一部では、ドルLIBORのLIBOR消滅の延期のニュースを誤解してとらえている向きもあるようだが、これはあくまでも移行が困難な古いレガシー取引に対する措置であって、新規取引は予定通り新レートで行われなければならない。したがって、移行作業を止めてよいというわけでは全くない。

また、5年間の中央値でスプレッドを決める時点も18か月遅延と誤解されることもあるが、これも12月のISDAのWebinarでFCAのSchooling Latter氏からコメントがあったように、すべてのLIBORベンチマークのスプレッド計算が一度に起きる可能性が高い。

ここでも何度かコメントしたように、ドル円通貨スワップにおいて、円Legだけ最初にスプレッドが決まり、その後にドルLegの調整が二段階で決まるのは面倒でしかない。

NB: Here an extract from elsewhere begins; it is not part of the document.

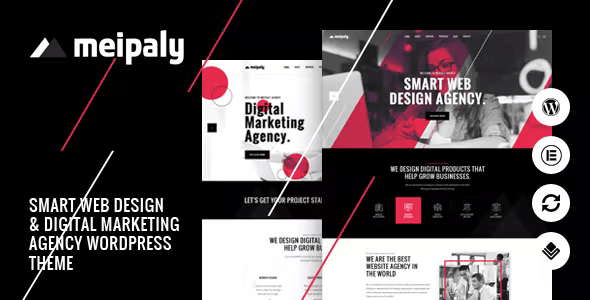 Meipaly – Digital Services Agency WordPress Theme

また、これに関してCCPにおけるレート変更がいつ起きるかという点についても意見が分かれている。LCHの意見募集が一般公開されていないため、ここでは紹介できなかったが、CMEの市中協議は内容を見ることができる。ここでは、市場参加者からLCHと同様の一括変換の検討依頼があったと書かれているが、CCP間で扱いが異なると対応が難しくなるので、当然の成り行きだろう。となると結局JSCCも追随するだろうから、すべてがLCHのやり方に収斂していく可能性が高い。

CMEの意見募集は以下の5点となっている。

  1. 他の市場、他のCCPとの平仄
  2. 一括変換のタイミング
  3. 固定レート、クーポンの計算期間、支払い日の扱い
  4. ヘッジ会計及び税金上の扱い
  5. 一括変換後に行使されたスワップションによってできたスワップの扱い

2のタイミングについては、やはりドルだけ遅らせるというのは手間なので、すべて同時にやってしまった方が望ましいと思う。3については、既に決まっているクーポンはそれを使う方法と、そのクーポンも置き換える方法の2種類があるが、CCP間で扱いが異なるように思える。トレーダーにとっては、後決めなのだから全て置き換える方が良いように思えるのだが、バックオフィスの人にとっては、既に決まったレートを変更するというのは抵抗があるのかもしれない。5は、スワップになりクリアされた瞬間に標準OISに変更するというので良いと思う。

そろそろLCHの市中協議の期限なので、来週か再来週くらいには今後の方向性が明らかになってくるものと思われる。